With the prospect of no-notice school inspections, teachers and leaders face living in the equivalent of an occupied country, colonised by curriculum and inspection “experts” as well as assessment strategists.
Far too many time- and effort-consuming functions are already thrust upon teachers. Now even more Janus-faced than ever, they will teach their classes with one eye on the students and the other on the phantom inspectors who could drop in at any time.
Data-gathering, already excessive, will become routinely urgent, to ensure that it’s fully up to date when inspectors call. “Every lesson counts” – and this will take an unbearable toll on overstretched teachers.
Subject leaders now on the frontline will be colour-coding all kinds of intent and implementation documents to within an inch of their lives, and referencing data to prove that each and every interaction promotes incredible impact.
Data and teacher workload
In fact, the only real impact this obsessive recording makes is to drive down teacher motivation and drive up stressful workload. These Sisyphean efforts may make a difference to an inspection grade. But they won’t advance learning one jot.

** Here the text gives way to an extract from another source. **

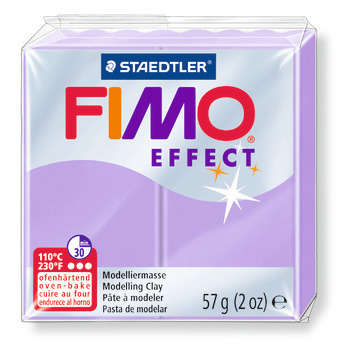 Pâte Fimo effect 57 g : pastel lilas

The trouble with an over-assertive and omnipresent inspection regime is that its needs have to be fulfilled before those of the pupils in the classroom. All too often, teaching is all about performance: learning got left in the lurch a long time ago. Performance management is the name of the game.
An extortionate premium is placed on visible outcomes, often artificially manufactured by placing tests at set points in the academic year, rather than at suitable points in the learning cycle – just to ensure that more spreadsheet columns are filled.
Ofsted changes 'create an arms race'
Every time Ofsted changes its school inspection framework, it’s like an arms race. This time around, there’s money to be made out of off-the-peg models that will satisfy even the greatest depths of the inspectors’ dives into the curriculum.
Sadly, with no-notice inspections constantly at the school gate, there will be no time for the really important debates about the most suitable curriculum for the context of each school.
The space to experiment and reconfigure, the time to set up and nurture best practice – and, most importantly, the time to reflect and evaluate on the long-term learning journeys – all has to be redirected to the paperwork front.
It’s a problem on both sides of the inspection divide. In an unusually democratic style, Ofsted consulted on its new approach. It set out its new rules very clearly, to avoid appearing to have a secret agenda. But it neglected to put in place the vital training needed to ensure that subject experts were inspection-ready in September.
Adverts for trainers with recent experience and respected expertise, who could train inspectors, only recently went out. The implication is that inspectors may be out of touch and out of date with the very thing at the forefront of their role: the evaluation of content and pedagogy.
Fuel for electioneering
The attempts of chief inspector Amanda Spielman and her advisers to deepen engagement with content and teaching will be subsumed by the melee of frantic inspection activity.
Inspection will go off half-cocked, to satisfy the political appetite for “rigour” to “drive up standards” and to produce higher numbers of "good" and "outstanding" schools. "Good" and "outstanding" at what, though? Paperwork and monitoring activity, the ability to say what the inspectorate wants to hear?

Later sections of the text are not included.